*Your objective*.
Every line of the data below is to be given again as it appears, with the images removed.

*Data provided*.
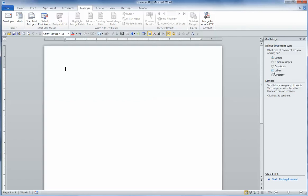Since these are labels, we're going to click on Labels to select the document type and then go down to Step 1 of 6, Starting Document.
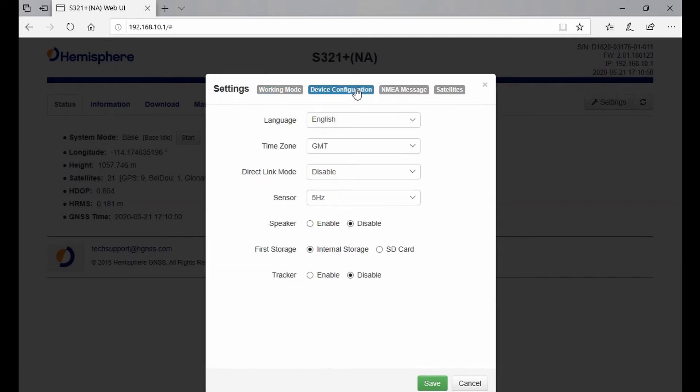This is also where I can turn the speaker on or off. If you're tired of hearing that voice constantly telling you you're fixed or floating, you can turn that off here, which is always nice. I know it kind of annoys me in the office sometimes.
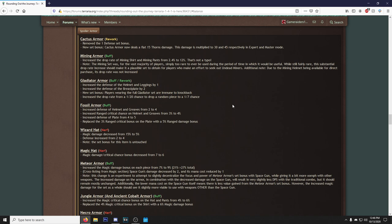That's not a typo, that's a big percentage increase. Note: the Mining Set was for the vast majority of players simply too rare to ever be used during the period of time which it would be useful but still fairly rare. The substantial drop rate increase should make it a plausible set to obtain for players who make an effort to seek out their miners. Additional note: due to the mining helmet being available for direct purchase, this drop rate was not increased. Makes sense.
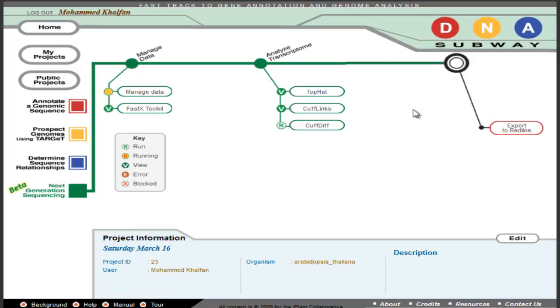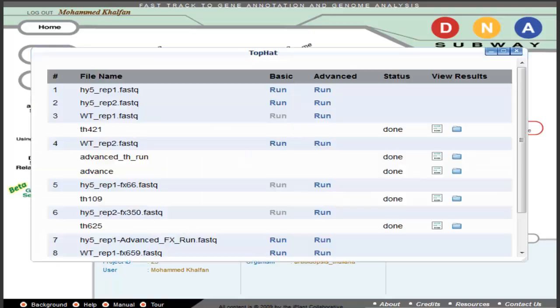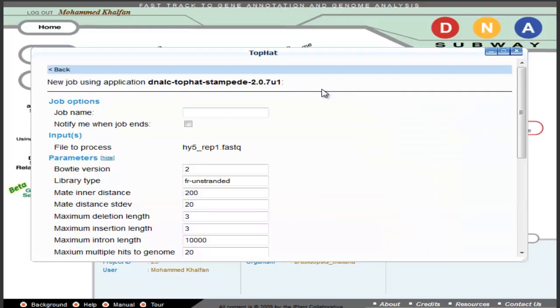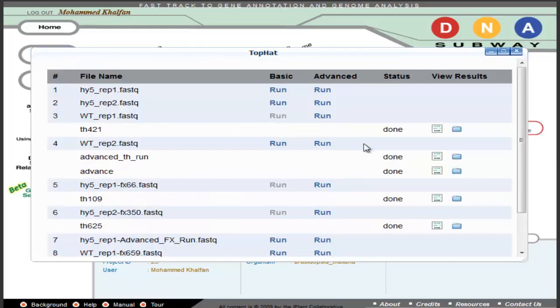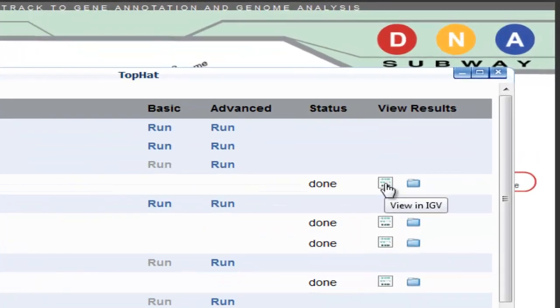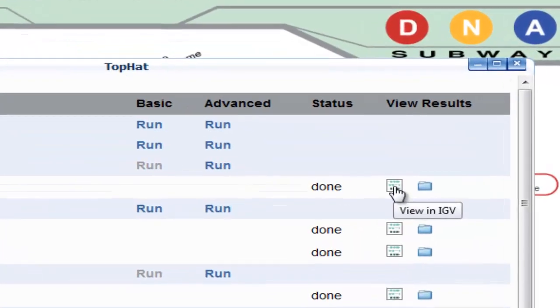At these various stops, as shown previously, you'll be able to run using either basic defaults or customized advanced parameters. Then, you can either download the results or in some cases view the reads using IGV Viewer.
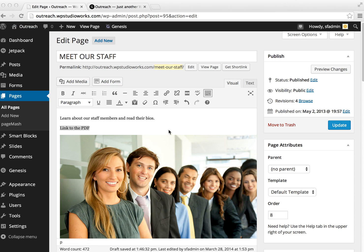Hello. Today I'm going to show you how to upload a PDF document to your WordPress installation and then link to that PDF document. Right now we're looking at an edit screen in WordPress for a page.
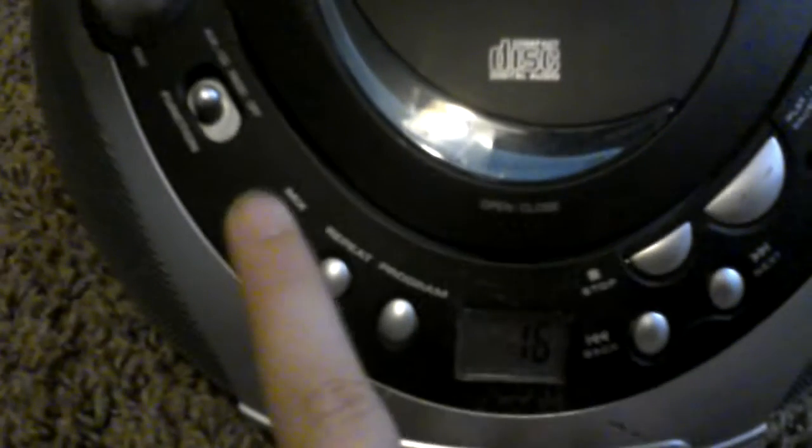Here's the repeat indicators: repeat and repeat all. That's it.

*Result*.
Since these are labels, we're going to click on Labels to select the document type and then go down to Step 1 of 6, Starting Document.
This is also where I can turn the speaker on or off. If you're tired of hearing that voice constantly telling you you're fixed or floating, you can turn that off here, which is always nice. I know it kind of annoys me in the office sometimes.
That's not a typo, that's a big percentage increase. Note: the Mining Set was for the vast majority of players simply too rare to ever be used during the period of time which it would be useful but still fairly rare. The substantial drop rate increase should make it a plausible set to obtain for players who make an effort to seek out their miners. Additional note: due to the mining helmet being available for direct purchase, this drop rate was not increased. Makes sense.
At these various stops, as shown previously, you'll be able to run using either basic defaults or customized advanced parameters. Then, you can either download the results or in some cases view the reads using IGV Viewer.
Hello. Today I'm going to show you how to upload a PDF document to your WordPress installation and then link to that PDF document. Right now we're looking at an edit screen in WordPress for a page.
Here's the repeat indicators: repeat and repeat all. That's it.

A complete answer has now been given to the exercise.